Skip to content

Latest commit

 

History

History
370 lines (289 loc) · 9.54 KB

Tutorial-parser.md

File metadata and controls

370 lines (289 loc) · 9.54 KB

Writing your parser using YAPB

How to configure a haskell Stack project using YAPB

In the beginning, you initialize a haskell Stack project.

  $ stack new parser
  $ cd parser

To use the function of automatic computation of syntax completion candidates, the project must use YAPB >=0.1.1.

[package.yaml of arith]

executables:
  arith-exe:
    main:                Main.hs
    source-dirs:
    - app/ast         <====== To include ast/Expr.hs
    - app
    ghc-options:
    - -threaded
    - -rtsopts
    - -with-rtsopts=-N
    dependencies:
    - arith
    - yapb >= 0.1.1    <====== Add a dependency on yapb-0.1.1!

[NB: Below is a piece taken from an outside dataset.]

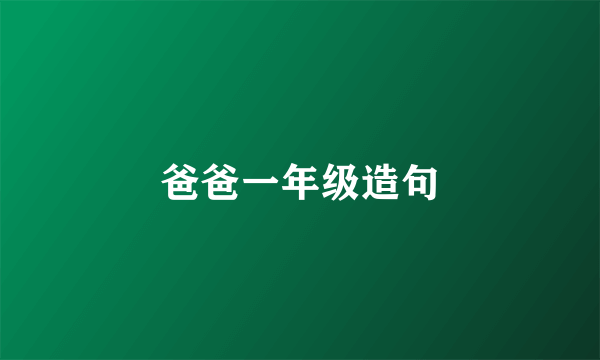 爸爸一年级造句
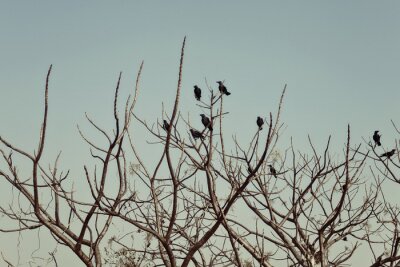 Fototapete Schwarze Vögel auf Zweigen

Note that stack.yaml of arith needs a change to download yapb-0.1.1 from Hackage as follows.

[stack.yaml in arith]

extra-deps:
  - yapb-0.1.1

How to write and run a parser using YAPB

For your own parser, you have to write Token.hs, Lexer.hs, ast/Expr.hs, Parser.hs, and Main.hs.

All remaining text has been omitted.